The US government has threatened to ban TikTok and its parent company, ByteDance, from the country unless its owners divest its stakes. In a long, historic battle between the East and West, TikTok is the latest play piece, having been owned by Chinese operatives and been suspected of being too close to the Chinese Communist Party. And it seems US President Biden has had enough.
The Biden administration made its opinion on the matter clear, with an ultimatum: divest or be banned. Considering the audience in North America, that is a bold move.
And it’s only the latest of TikTok’s governmental worries.

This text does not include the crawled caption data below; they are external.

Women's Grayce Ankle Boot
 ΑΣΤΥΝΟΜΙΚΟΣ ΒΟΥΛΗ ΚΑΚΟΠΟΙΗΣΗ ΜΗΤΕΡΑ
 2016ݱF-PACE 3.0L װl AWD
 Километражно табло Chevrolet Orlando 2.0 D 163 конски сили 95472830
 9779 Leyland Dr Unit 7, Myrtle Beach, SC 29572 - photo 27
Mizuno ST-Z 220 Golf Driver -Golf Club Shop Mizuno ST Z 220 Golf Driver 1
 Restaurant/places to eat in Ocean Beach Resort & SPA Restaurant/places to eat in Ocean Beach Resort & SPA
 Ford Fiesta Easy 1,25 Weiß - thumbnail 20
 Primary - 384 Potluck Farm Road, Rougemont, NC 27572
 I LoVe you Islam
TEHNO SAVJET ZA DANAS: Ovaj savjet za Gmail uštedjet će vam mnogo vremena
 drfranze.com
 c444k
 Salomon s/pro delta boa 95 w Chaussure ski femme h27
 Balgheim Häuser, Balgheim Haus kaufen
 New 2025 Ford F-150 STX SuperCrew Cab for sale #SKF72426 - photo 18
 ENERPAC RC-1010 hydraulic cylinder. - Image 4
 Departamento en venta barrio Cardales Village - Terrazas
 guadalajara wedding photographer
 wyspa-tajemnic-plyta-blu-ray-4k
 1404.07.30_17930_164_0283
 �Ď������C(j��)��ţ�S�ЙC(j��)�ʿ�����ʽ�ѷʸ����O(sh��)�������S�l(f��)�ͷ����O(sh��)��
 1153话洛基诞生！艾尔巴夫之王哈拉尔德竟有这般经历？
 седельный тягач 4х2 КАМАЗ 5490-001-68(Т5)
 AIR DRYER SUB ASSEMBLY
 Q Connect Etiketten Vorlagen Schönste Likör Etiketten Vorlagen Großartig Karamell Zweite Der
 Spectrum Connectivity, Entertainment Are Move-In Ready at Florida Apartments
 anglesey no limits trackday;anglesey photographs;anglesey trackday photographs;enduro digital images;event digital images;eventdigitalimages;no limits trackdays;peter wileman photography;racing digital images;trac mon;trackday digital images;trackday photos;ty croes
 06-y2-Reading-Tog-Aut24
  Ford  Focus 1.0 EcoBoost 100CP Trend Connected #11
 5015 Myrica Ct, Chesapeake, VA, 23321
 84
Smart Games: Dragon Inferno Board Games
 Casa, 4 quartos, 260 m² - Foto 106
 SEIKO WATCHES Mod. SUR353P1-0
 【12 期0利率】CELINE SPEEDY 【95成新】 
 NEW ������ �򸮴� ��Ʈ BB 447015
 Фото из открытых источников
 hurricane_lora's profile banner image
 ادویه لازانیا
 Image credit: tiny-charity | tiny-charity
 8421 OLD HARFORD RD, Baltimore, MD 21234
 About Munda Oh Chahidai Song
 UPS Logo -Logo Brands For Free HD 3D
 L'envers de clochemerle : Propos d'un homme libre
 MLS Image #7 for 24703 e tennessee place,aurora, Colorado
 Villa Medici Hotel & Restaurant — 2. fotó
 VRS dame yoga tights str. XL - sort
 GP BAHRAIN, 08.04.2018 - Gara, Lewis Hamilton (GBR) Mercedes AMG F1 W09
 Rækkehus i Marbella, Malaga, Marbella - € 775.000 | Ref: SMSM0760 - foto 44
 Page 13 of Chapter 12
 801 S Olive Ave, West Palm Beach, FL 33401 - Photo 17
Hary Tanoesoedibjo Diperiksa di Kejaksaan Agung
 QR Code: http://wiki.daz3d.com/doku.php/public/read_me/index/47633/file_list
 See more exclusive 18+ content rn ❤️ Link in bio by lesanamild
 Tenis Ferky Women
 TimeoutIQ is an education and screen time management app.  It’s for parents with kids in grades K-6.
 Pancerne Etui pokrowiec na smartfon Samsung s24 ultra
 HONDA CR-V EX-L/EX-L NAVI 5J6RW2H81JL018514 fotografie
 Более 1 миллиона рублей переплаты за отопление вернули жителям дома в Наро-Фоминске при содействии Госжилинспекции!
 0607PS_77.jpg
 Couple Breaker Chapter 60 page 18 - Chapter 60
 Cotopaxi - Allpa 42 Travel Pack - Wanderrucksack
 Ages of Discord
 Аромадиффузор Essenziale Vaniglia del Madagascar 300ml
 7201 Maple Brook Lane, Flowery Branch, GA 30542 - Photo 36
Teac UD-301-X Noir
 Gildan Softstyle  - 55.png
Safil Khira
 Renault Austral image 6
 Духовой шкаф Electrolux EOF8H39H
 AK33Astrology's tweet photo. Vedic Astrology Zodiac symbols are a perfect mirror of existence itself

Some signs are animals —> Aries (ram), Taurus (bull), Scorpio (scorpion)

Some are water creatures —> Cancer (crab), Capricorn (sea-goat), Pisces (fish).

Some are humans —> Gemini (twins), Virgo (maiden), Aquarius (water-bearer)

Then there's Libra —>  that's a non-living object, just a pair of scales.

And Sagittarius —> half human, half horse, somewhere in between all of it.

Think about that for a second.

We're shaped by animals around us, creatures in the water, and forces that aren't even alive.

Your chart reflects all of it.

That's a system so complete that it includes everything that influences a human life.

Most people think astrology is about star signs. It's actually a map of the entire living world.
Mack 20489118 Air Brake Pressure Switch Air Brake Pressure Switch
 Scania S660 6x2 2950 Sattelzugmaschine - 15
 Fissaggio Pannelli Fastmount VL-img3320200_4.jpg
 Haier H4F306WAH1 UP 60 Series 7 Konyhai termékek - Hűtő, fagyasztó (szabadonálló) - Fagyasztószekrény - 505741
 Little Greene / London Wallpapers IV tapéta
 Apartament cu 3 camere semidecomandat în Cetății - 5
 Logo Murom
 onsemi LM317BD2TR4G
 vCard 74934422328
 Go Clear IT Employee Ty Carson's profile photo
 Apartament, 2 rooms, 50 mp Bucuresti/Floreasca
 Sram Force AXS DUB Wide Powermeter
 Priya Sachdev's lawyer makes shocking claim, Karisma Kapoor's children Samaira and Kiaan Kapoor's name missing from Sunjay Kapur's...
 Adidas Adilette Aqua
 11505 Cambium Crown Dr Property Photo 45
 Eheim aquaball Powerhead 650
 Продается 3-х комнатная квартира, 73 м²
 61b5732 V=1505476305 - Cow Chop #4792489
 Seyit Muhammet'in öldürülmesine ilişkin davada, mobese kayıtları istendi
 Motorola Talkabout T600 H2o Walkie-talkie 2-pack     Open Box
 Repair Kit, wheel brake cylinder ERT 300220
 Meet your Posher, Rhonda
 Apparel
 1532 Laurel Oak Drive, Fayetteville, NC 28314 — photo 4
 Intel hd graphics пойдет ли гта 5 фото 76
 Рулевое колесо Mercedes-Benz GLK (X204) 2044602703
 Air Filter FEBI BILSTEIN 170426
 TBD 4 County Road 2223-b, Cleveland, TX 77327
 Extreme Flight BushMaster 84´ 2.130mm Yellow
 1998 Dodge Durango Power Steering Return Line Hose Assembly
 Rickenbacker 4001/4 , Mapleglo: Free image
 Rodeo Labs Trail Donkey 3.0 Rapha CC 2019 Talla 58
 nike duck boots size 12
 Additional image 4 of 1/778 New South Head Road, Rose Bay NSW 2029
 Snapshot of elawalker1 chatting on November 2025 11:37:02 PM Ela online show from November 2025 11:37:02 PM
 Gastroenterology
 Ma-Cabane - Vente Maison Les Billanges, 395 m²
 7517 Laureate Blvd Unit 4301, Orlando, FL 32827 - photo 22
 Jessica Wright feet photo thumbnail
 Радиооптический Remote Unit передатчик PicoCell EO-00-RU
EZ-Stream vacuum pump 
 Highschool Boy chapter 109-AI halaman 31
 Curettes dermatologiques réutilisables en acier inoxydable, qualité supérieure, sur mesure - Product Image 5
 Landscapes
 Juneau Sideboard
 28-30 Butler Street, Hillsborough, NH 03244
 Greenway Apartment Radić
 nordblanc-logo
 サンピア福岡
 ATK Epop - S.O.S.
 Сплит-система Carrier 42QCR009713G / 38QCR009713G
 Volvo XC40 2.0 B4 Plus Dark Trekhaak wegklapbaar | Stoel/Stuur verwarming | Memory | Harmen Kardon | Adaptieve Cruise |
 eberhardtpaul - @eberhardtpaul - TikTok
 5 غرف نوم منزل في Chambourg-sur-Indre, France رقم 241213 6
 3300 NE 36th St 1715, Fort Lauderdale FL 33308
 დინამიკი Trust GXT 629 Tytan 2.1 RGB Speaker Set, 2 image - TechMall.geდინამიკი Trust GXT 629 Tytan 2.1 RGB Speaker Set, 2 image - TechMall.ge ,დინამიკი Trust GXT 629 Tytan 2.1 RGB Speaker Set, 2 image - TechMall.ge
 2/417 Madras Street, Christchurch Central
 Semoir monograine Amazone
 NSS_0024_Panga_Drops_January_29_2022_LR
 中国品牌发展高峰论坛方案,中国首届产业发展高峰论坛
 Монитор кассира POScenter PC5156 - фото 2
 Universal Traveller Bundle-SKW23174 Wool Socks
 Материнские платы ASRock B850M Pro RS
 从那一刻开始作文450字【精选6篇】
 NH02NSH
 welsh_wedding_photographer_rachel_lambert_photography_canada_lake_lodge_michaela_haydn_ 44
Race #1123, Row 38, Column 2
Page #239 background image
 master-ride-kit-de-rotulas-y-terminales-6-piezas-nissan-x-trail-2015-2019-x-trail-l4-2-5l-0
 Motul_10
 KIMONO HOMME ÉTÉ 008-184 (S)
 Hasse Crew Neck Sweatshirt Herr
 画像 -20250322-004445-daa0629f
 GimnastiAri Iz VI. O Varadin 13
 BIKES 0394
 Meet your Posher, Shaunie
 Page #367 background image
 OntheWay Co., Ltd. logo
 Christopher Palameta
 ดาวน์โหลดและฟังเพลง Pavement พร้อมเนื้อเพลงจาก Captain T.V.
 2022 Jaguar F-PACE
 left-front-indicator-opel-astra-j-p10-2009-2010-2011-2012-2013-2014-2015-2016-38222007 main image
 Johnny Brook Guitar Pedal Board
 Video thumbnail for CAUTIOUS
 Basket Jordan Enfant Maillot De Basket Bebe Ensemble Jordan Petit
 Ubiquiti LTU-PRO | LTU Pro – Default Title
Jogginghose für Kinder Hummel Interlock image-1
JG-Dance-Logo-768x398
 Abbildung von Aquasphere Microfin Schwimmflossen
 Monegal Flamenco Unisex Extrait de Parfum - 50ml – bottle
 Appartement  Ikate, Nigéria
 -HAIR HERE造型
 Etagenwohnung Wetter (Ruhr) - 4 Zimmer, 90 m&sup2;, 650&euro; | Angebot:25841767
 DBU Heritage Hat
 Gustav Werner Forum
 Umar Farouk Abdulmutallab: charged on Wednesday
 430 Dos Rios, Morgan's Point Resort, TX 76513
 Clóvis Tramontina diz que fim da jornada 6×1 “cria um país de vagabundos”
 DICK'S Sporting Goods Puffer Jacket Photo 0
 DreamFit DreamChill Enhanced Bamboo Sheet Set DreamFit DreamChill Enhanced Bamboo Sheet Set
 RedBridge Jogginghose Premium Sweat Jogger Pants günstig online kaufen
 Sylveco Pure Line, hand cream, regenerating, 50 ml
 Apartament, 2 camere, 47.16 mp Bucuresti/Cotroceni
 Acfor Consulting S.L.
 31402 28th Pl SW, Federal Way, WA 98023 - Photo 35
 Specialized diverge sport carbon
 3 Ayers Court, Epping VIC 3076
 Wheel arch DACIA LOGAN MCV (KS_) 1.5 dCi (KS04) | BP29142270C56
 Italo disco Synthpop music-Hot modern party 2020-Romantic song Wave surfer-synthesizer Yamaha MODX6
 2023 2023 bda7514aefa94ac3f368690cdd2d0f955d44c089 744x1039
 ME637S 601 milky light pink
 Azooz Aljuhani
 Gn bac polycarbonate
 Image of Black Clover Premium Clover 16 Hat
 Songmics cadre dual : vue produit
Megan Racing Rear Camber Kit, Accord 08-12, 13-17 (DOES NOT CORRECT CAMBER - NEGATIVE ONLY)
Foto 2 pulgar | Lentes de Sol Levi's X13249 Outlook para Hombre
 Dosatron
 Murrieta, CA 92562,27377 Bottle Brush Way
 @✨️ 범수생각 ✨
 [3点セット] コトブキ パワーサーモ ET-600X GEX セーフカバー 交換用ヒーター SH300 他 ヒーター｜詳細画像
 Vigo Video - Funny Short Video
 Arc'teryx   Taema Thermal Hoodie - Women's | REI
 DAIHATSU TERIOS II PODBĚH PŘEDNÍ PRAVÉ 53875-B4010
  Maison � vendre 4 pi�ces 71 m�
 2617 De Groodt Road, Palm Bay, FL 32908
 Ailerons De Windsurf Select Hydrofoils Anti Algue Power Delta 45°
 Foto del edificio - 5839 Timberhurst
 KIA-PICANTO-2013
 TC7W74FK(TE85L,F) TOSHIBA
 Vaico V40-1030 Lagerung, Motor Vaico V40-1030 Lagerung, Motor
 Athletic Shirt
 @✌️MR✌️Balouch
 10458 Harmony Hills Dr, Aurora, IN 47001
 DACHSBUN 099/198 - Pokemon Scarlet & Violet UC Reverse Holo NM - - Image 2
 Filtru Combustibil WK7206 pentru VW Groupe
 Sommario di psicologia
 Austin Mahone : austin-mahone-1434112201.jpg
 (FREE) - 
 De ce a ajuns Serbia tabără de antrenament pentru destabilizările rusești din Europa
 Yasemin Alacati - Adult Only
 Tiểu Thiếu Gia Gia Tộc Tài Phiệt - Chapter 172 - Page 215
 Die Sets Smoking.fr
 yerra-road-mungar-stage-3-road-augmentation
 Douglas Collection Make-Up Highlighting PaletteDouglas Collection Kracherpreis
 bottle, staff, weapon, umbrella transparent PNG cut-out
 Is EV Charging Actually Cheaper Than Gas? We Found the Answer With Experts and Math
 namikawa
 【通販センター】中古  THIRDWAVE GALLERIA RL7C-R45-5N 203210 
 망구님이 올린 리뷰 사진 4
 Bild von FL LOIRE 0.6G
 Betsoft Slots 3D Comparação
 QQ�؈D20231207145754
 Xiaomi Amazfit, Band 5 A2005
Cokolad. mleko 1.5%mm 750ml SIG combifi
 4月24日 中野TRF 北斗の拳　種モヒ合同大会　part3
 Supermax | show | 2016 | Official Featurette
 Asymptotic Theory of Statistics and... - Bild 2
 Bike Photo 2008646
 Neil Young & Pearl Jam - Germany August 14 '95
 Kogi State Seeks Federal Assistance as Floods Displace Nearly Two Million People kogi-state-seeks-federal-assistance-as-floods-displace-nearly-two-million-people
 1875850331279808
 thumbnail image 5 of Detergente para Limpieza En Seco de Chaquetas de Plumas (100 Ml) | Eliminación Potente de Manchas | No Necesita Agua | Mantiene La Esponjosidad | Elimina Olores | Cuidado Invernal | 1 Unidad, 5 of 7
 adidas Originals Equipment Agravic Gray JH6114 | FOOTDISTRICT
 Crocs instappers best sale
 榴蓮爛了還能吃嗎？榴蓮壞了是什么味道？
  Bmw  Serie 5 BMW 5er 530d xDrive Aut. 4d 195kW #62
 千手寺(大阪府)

The UK has already banned TikTok from appearing on government devices, with The Guardian saying: “The UK decision follows a review of TikTok by government cybersecurity experts that began in November, and will cover ministers’ and civil servants’ work phones, but not their personal phones. [Cabinet Office Minister Oliver Dowden says] this is a ‘proportionate move based on a specific risk with government devices’.”
However, there has been pushback from TikTok.
“If protecting national security is the objective, divestment doesn’t solve the problem,” TikTok spokesperson Maureen Shanahan told CBS News in a statement. “The best way to address concerns about national security is with the transparent, U.S.-based protection of U.S. user data and systems, with robust third-party monitoring, vetting, and verification, which we are already implementing.”